═════ Data section ═════
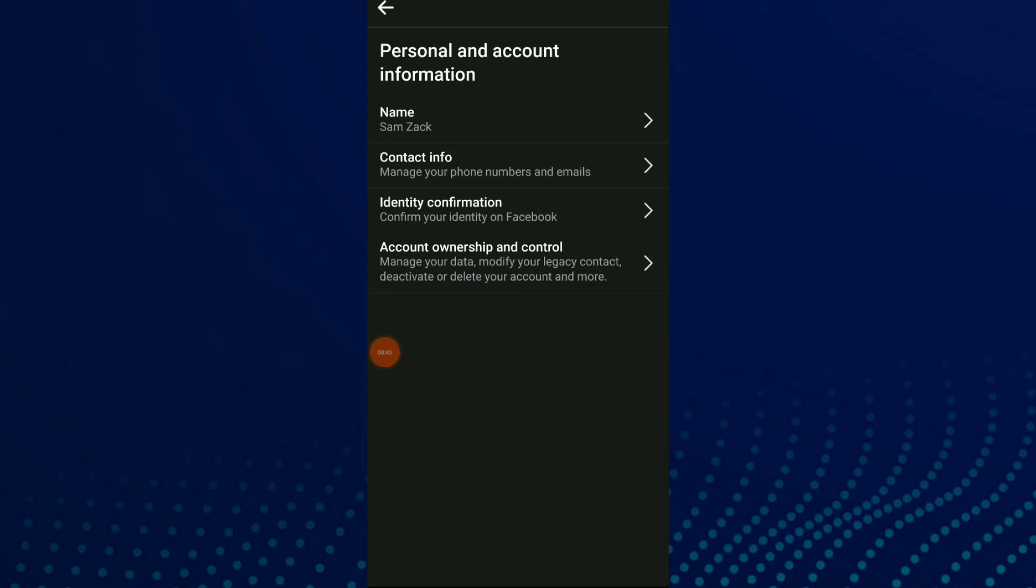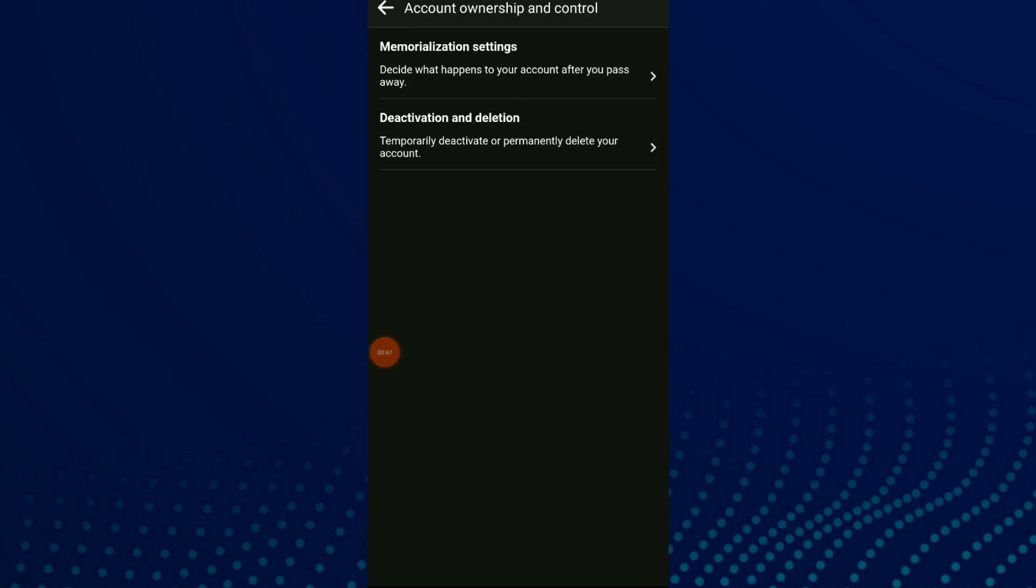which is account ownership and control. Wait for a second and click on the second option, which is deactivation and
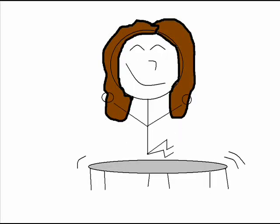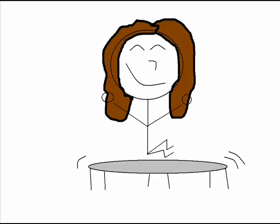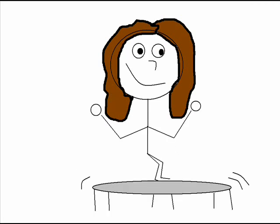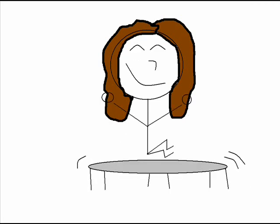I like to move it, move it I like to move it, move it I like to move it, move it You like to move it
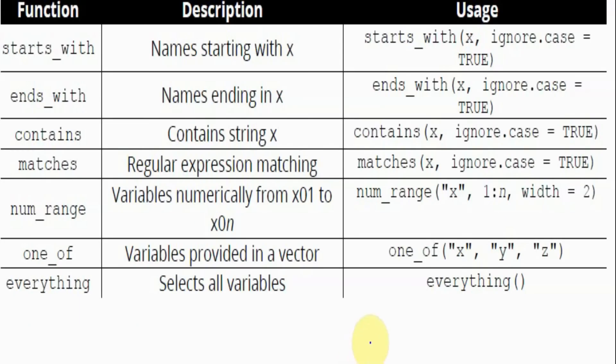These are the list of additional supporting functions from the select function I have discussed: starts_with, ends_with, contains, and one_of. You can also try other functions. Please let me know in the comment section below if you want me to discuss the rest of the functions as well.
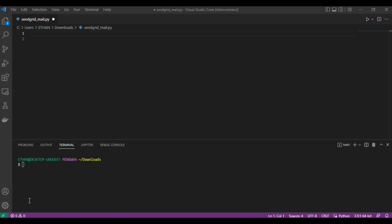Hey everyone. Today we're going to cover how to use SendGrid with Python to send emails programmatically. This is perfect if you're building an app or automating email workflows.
═════
Goal of the exercise:
A word-for-word reprint of the listing above is needed, minus the pictures.

Exercise output:
which is account ownership and control. Wait for a second and click on the second option, which is deactivation and
I like to move it, move it I like to move it, move it I like to move it, move it You like to move it
These are the list of additional supporting functions from the select function I have discussed: starts_with, ends_with, contains, and one_of. You can also try other functions. Please let me know in the comment section below if you want me to discuss the rest of the functions as well.
Hey everyone. Today we're going to cover how to use SendGrid with Python to send emails programmatically. This is perfect if you're building an app or automating email workflows.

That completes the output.